Great Smoky Mountains Association will host Jeff Hunter, senior program manager for the National Parks Conservation Association, who will present and lead a panel discussion on this issue.


This event will take place at The Strand at 38 North Main Street in Waynesville, N.C., on Saturday, April 20 at 10:00 am. Slated panelists include Steve Goodman, NPCA’s Volgenau wildlife research fellow; NPS biologist Bill Stiver; Liz Hilliard, a wildlife scientist with the nonprofit Wildlands Network; and Dave McHenry of N.C. Department of Transportation.

When vehicles collide with bears, deer and now even elk crossing in and out of Great Smoky Mountains National Park, both animal and human lives are at stake.

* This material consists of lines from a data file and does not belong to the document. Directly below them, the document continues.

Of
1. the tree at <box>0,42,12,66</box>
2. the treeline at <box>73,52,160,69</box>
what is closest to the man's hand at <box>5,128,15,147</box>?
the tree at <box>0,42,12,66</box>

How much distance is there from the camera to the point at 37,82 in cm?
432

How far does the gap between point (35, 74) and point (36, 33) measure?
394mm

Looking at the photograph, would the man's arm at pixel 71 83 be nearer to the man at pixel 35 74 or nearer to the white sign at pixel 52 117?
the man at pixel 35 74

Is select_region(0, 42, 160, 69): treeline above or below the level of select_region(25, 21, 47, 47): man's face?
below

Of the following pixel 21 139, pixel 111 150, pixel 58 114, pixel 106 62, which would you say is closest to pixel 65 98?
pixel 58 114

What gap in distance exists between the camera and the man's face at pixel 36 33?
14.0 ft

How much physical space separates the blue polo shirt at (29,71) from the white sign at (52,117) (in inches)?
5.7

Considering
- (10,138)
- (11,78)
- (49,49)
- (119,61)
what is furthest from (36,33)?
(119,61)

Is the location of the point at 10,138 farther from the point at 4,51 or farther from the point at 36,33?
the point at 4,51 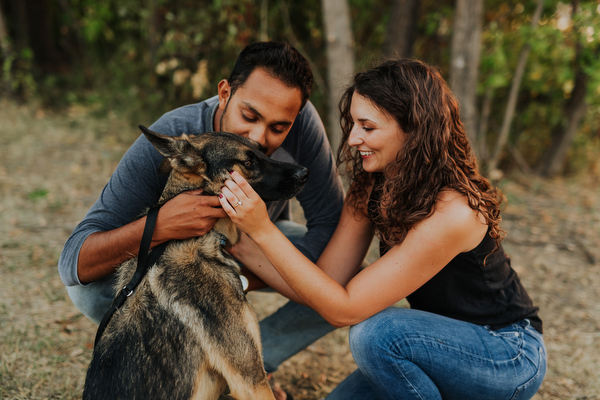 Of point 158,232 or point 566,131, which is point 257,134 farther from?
point 566,131

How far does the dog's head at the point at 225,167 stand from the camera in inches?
89.8

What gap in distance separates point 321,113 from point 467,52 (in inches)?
104

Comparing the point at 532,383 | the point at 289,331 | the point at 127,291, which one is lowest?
the point at 289,331

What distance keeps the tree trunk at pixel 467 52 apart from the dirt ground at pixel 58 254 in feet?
5.65

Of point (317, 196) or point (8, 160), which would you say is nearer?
point (317, 196)

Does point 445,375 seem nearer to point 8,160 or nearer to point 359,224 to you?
point 359,224

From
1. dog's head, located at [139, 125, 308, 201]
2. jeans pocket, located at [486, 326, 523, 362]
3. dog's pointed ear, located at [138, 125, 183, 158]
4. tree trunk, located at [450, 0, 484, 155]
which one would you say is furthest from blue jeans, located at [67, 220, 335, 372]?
tree trunk, located at [450, 0, 484, 155]

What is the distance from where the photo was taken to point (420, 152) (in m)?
2.21

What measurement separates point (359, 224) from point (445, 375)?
3.11 feet

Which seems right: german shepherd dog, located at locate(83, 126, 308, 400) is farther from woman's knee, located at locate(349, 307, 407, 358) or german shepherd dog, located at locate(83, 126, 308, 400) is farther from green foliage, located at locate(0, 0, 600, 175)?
green foliage, located at locate(0, 0, 600, 175)

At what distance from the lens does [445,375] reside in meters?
2.18

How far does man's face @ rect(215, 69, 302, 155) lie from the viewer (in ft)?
8.30

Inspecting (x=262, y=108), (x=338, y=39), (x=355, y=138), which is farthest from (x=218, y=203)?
(x=338, y=39)

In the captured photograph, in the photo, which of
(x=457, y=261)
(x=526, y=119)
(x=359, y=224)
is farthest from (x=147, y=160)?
(x=526, y=119) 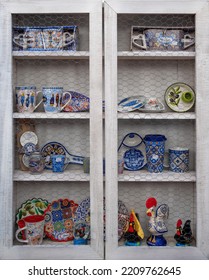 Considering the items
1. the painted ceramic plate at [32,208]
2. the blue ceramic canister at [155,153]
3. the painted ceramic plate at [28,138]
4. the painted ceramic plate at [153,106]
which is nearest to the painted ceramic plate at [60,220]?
the painted ceramic plate at [32,208]

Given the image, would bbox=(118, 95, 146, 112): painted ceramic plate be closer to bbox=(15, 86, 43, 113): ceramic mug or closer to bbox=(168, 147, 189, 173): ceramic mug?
bbox=(168, 147, 189, 173): ceramic mug

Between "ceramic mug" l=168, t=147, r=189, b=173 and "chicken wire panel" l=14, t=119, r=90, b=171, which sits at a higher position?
"chicken wire panel" l=14, t=119, r=90, b=171

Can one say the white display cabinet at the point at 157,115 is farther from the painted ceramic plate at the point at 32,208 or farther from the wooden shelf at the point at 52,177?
the painted ceramic plate at the point at 32,208

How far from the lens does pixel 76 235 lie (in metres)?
1.61

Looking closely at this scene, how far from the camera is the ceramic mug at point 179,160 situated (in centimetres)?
163

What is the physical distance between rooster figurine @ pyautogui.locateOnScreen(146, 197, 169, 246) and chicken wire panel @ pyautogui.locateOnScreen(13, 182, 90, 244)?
0.95 ft

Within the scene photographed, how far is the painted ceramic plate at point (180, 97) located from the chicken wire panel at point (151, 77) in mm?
41

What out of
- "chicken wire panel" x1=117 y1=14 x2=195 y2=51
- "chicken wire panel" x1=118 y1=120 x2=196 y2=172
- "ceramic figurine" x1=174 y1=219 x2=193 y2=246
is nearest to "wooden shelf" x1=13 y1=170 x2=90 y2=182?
"chicken wire panel" x1=118 y1=120 x2=196 y2=172

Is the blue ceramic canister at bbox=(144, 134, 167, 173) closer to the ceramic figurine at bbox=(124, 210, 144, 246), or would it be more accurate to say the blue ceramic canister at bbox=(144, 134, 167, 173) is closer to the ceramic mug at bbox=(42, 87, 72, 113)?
the ceramic figurine at bbox=(124, 210, 144, 246)

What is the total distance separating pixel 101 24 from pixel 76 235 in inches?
34.4

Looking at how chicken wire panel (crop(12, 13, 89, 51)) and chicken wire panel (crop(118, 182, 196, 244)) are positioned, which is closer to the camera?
chicken wire panel (crop(12, 13, 89, 51))

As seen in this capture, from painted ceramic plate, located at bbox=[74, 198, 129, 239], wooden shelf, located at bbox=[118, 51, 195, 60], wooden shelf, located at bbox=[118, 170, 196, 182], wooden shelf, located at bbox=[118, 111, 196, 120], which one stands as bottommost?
painted ceramic plate, located at bbox=[74, 198, 129, 239]

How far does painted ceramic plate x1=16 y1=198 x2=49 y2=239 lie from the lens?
5.42ft

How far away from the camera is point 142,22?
1663 millimetres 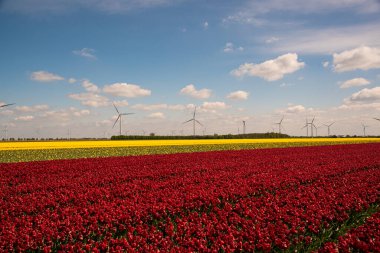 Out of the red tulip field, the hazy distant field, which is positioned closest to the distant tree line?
the hazy distant field

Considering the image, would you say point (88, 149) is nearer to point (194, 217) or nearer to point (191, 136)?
point (194, 217)

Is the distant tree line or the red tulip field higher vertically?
the distant tree line

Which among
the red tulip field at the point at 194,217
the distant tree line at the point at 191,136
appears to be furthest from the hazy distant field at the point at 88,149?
the distant tree line at the point at 191,136

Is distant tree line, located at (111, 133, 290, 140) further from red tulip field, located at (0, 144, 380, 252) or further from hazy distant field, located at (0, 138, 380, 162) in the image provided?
red tulip field, located at (0, 144, 380, 252)

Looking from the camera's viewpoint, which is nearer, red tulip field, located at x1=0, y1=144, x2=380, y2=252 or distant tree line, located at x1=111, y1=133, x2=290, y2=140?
red tulip field, located at x1=0, y1=144, x2=380, y2=252

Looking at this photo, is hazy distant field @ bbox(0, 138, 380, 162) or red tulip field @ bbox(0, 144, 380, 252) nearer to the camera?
red tulip field @ bbox(0, 144, 380, 252)

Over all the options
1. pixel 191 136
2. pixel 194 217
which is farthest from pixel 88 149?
pixel 191 136

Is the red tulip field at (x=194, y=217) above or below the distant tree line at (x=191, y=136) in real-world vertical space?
below

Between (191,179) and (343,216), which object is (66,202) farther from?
(343,216)

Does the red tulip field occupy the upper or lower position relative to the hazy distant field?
lower

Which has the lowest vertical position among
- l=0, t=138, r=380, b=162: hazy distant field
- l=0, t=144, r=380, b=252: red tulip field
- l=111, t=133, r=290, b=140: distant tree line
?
l=0, t=144, r=380, b=252: red tulip field

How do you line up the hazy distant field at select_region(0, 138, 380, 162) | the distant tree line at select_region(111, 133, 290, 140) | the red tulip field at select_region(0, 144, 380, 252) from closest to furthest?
1. the red tulip field at select_region(0, 144, 380, 252)
2. the hazy distant field at select_region(0, 138, 380, 162)
3. the distant tree line at select_region(111, 133, 290, 140)

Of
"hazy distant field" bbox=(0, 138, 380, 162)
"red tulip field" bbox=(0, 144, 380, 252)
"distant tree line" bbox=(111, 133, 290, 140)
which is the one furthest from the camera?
"distant tree line" bbox=(111, 133, 290, 140)

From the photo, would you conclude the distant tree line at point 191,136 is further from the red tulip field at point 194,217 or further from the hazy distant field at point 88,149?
the red tulip field at point 194,217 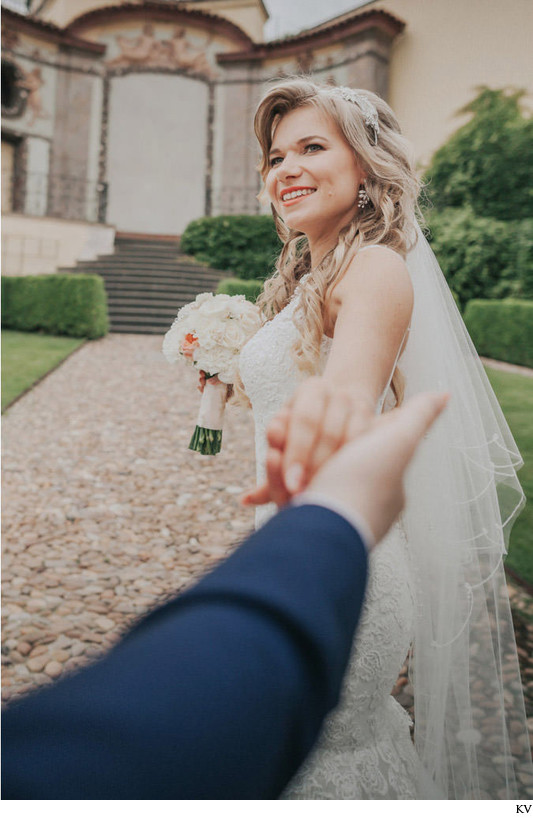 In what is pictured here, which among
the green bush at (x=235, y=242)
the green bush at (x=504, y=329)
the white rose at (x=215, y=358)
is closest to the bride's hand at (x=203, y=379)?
the white rose at (x=215, y=358)

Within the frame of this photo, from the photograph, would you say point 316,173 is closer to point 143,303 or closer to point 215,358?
point 215,358

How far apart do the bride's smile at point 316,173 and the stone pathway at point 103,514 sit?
1.08 metres

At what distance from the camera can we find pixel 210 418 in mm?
2184

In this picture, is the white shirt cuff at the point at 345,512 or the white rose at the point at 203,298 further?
the white rose at the point at 203,298

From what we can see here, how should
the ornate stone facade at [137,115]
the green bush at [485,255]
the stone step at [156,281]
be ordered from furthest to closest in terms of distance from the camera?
1. the ornate stone facade at [137,115]
2. the stone step at [156,281]
3. the green bush at [485,255]

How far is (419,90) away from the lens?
404 inches

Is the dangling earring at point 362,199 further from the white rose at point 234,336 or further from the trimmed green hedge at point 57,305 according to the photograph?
the trimmed green hedge at point 57,305

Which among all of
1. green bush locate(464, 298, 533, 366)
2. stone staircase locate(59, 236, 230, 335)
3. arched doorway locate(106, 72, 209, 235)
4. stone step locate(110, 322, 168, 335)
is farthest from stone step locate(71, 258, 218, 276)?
green bush locate(464, 298, 533, 366)

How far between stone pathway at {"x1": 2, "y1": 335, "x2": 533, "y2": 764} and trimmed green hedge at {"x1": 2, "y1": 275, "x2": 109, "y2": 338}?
2.72m

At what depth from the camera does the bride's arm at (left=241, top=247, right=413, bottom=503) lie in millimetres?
564

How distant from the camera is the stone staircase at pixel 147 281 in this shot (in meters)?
11.3

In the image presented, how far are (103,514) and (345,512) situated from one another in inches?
172

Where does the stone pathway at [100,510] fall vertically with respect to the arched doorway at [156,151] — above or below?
below

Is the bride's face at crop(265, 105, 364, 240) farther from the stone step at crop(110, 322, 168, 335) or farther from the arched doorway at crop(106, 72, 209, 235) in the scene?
the arched doorway at crop(106, 72, 209, 235) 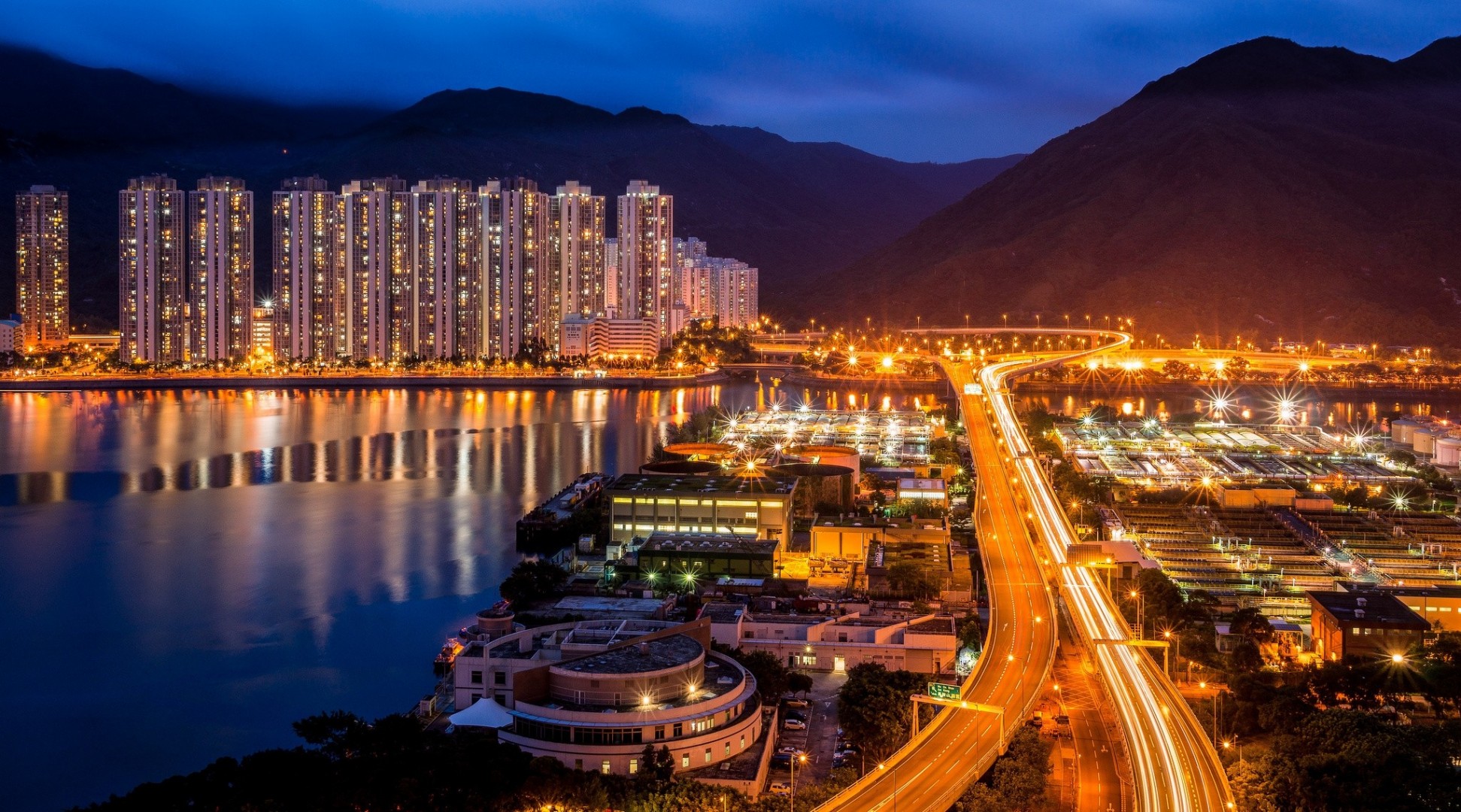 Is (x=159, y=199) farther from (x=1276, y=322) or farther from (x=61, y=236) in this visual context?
(x=1276, y=322)

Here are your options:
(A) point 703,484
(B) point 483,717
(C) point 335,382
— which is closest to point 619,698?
(B) point 483,717

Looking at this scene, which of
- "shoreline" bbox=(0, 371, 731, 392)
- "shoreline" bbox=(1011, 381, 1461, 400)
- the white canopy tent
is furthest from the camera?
"shoreline" bbox=(1011, 381, 1461, 400)

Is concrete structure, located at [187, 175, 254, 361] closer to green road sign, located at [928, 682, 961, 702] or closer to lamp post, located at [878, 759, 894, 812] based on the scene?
green road sign, located at [928, 682, 961, 702]

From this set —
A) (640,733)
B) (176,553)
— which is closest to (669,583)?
(640,733)

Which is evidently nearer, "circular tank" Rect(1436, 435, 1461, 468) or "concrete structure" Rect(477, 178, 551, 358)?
"circular tank" Rect(1436, 435, 1461, 468)

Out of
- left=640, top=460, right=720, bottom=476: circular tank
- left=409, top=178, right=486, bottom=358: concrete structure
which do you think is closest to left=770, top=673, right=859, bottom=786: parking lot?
left=640, top=460, right=720, bottom=476: circular tank

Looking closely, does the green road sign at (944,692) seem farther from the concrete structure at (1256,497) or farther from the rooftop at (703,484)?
the concrete structure at (1256,497)

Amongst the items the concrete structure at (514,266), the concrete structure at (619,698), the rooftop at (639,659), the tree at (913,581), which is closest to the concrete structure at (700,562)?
the tree at (913,581) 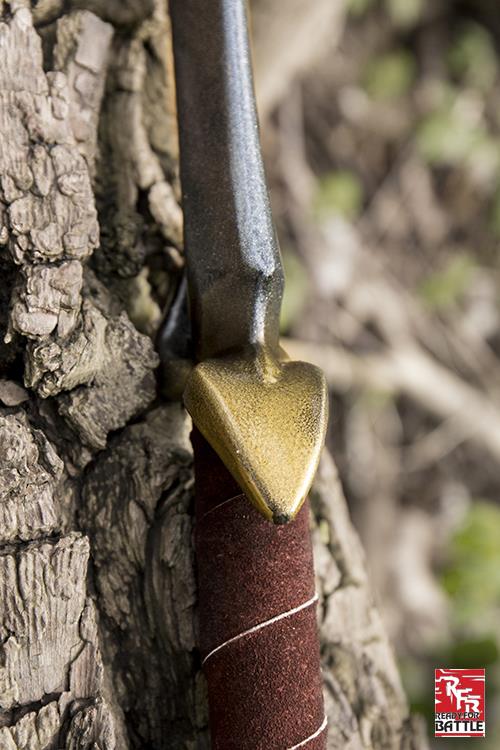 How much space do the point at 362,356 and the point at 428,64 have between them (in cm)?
79

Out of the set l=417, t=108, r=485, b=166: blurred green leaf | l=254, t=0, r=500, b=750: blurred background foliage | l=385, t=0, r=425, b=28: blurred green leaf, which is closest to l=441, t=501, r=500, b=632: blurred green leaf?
l=254, t=0, r=500, b=750: blurred background foliage

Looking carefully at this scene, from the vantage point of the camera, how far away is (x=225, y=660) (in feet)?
2.05

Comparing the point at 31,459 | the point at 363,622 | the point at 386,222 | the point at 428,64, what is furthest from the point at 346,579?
the point at 428,64

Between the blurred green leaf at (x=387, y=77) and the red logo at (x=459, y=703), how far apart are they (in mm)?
1587

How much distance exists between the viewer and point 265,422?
1.96 feet

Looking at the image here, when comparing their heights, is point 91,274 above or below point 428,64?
below

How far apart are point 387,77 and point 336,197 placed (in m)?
0.35

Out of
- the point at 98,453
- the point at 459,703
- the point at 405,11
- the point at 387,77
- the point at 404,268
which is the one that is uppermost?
the point at 405,11

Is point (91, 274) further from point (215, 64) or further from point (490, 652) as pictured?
point (490, 652)

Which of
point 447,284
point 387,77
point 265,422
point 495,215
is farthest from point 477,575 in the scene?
point 265,422

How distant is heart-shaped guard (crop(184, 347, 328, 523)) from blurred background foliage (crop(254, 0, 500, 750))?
46.6 inches

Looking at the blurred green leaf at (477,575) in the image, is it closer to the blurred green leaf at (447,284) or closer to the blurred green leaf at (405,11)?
the blurred green leaf at (447,284)

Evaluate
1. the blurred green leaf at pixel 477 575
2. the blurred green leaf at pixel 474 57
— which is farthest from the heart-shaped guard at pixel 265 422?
the blurred green leaf at pixel 474 57

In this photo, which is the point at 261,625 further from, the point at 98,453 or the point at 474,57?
the point at 474,57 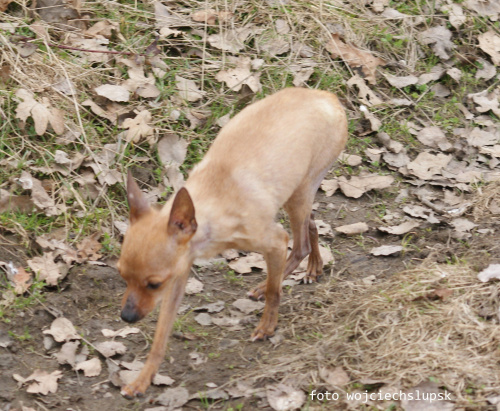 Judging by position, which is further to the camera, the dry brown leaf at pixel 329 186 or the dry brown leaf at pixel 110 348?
the dry brown leaf at pixel 329 186

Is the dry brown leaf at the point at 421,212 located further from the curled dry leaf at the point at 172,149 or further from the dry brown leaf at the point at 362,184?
the curled dry leaf at the point at 172,149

The I-40 Pigeon River Gorge wildlife corridor—a 28-mile stretch of highway near the Smokies’ boundary—is a key focus area for this group of agencies and stakeholders collaborating to find solutions in what is known as the Pigeon River Gorge Wildlife Connectivity Project.

Goodman says the primary goal of the project “is to improve wildlife’s ability to cross this portion of I-40 to improve public safety.” According to Goodman, the results from the project will provide valuable insight into the highway’s effect on wildlife, both in terms of wildlife­–vehicle collisions and in terms of how the highway may be serving as a barrier to wildlife movement.

“Reducing mortality and lessening the road barrier effect will increase the safe flow of animals,” Goodman said, “including those moving to and from the Smokies—for seasonal breeding and foraging opportunities.”